My students think I'm strange because I use the words "communist," "red," and "pinko" pejoratively. They don't understand why I seem to be the only teacher on a quest to malign what some of their (history, no less) teachers call "a good system, at least in theory" while ignoring the events of the past century that were a predictable result of forced collectivism.

And not just the bad economics of forced collectivism, but the evil of forced imperialism: the Ukranians never asked to be one of the Soviet republics, so Stalin starved several million of them to death. He saw Polish army officers as a potential threat, so he had thousands of them murdered by his goons. And so on.

I don't want to minimize the Holocaust at all, but it seems to me that if you set it up as a separate, untouchable category, it loses its power to teach us something dark and important about humanity: that the impulse to eradicate one's perceived enemies, including those who could not have possibly committed any wrongs, runs deep within the human heart.

Stalin ordered to murder not only Polish army officers, but also teachers and clergy alongside (altogether groups that might have been called "inteligentsia"). BTW Russia keeps denying a legal status of genocide to those diabolic crimes.
Yet, I personally know intelligent, highly educated Poles murmuring something about this "good system, at least in theory". And each time it lefts me revolted and wondering what's in their heads.

As for the question of the unique status of the Holocaust I refuse to visit any of its Museums until there are similar edifices build to commemorate such atrocities like Armenian genocide or aforementioned countless crimes of Stalin and Lenin, of which international community seems not to care at all. All that was said without any intent to minimize the Holocaust, either.

W.F. Buckley had the best explanation:
The communists killed people without regard to race or religion.

W.F. Buckley had the best explanation:
The communists killed people without regard to race or religion.

W.F. Buckley had the best explanation:
The communists killed people without regard to race or religion.

Thank you, Eric, for pointing out the obvious.

I'm almost retired from homeschooling - the youngest is now doing Gr 12.

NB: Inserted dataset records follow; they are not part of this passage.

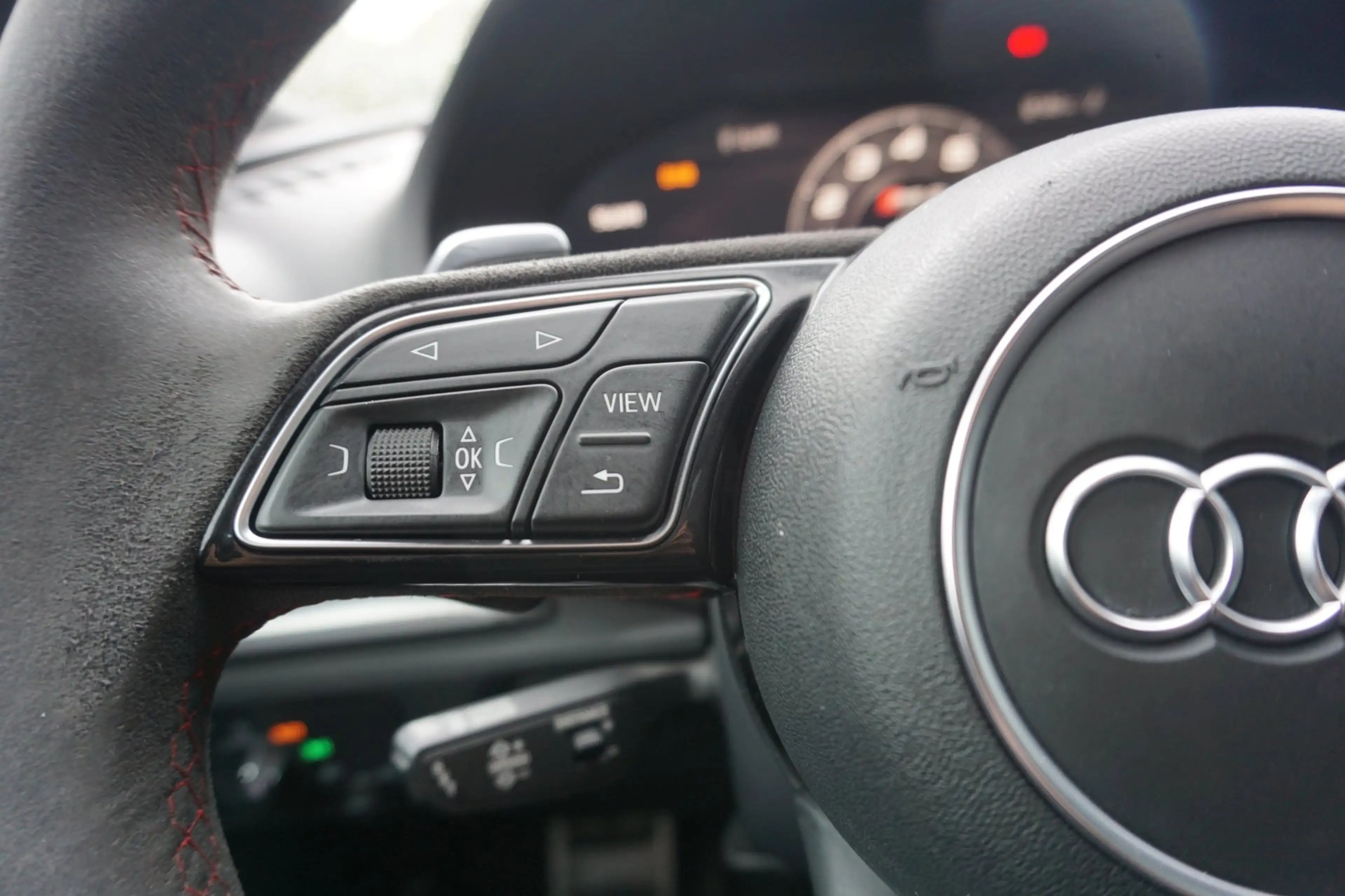 Audi RS3 Limousine 2.5 TFSI quattro — photo 10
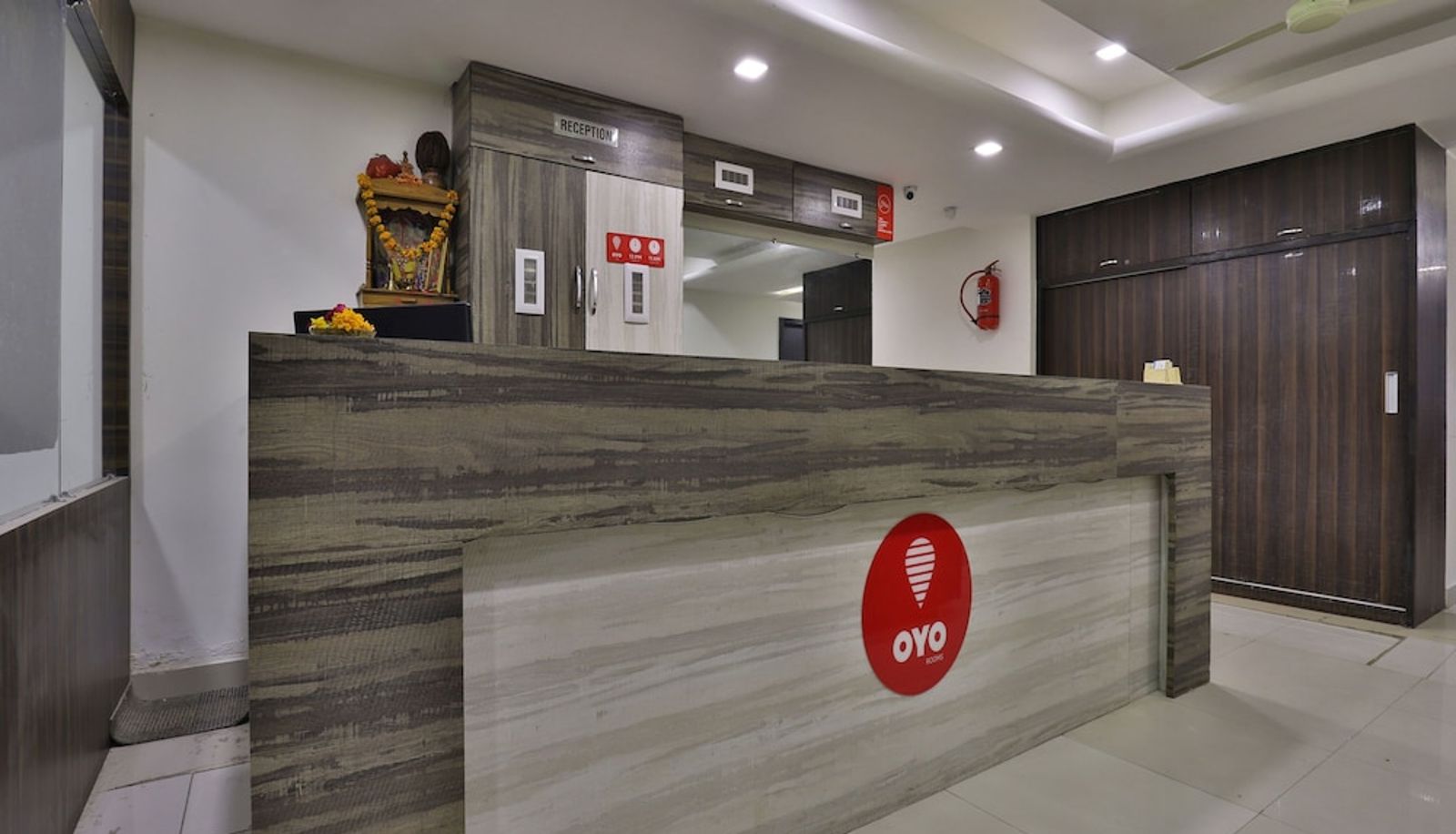 Reception - OYO 9591 Hotel Neel Kamal
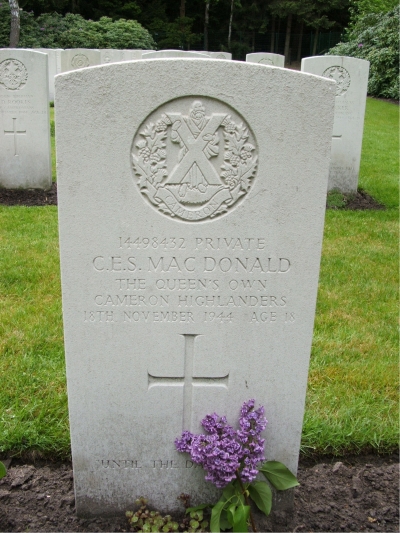 Headstone of 14498432 Private C.E.S. MacDonald, Mierlo war cemetery, Holland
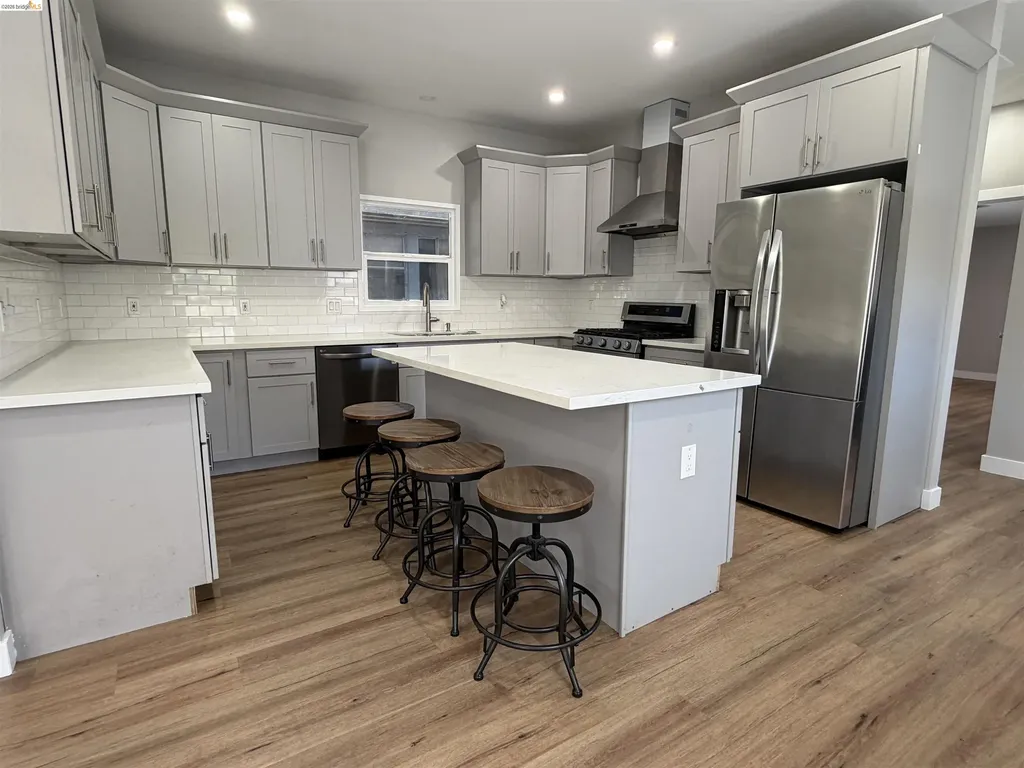2122 69th Avenue Oakland CA 94621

Over the years, as I tried to teach a balanced view of history, I was constantly frustrated: while books and articles outlining Nazi atrocities were legion, similar literature portraying the evils of communism continue to be a challenge to locate.

Certainly I wanted the children to know that Hitler was an evil man. But I also wanted them to understand that Stalin, Mao, and their cronies were at least as bad.

BTW - how did Hitler end up as "right wing?"
National socialism is till socialism - as is atheistic communism. Call me slow, but I've never seen much difference between the two - except in our reaction to them.

You're right, Eric. This communist-chic stuff bugs me too.

I wonder if it will ever be chic to be right of center.....imagine what the US would like like then??!! (my christmas wish)

BTW - how did Hitler end up as "right wing?"

Because he was. It's surely relevant that nobody at the time thought fascism was left wing. If you want an intellectual summa, here it is:

(1) Fascism was anti-communist;
(2) Fascism was nationalistic (rather than internationalist);
(3) Fascism centered around the great man, the exception, rather than the great class, the proletariat as a collective;
(4) Fascism rejected materialism and focused on limit experience as the ne plus ultra (and eventually shading into outright bellicism -- violence as good and ennobling in itself); socialism, though is rationalistic and economistic, like socialism;
(5) Fascism was a rejection of political modernity's defining event -- the French Revolution -- in the name of the past, of throne and altar, and against universal equality. But socialism was a radicalization of the French Revolution and its egalitarianism;
(6) Fascism is compatible with global pessimism, believing history can be a mistake, producing a decadence that needs cleansing; socialism is essentially optimistic -- History has an inevitable logic and design;
(7) Fascist thought emphasized creative destruction, will to power, individual charisma, irrationalism, vitalism -- all ideas anathema to the left (at least during those times, meaning before 1946, when it's meaningful to compare fascism and socialism as vital systems of thought).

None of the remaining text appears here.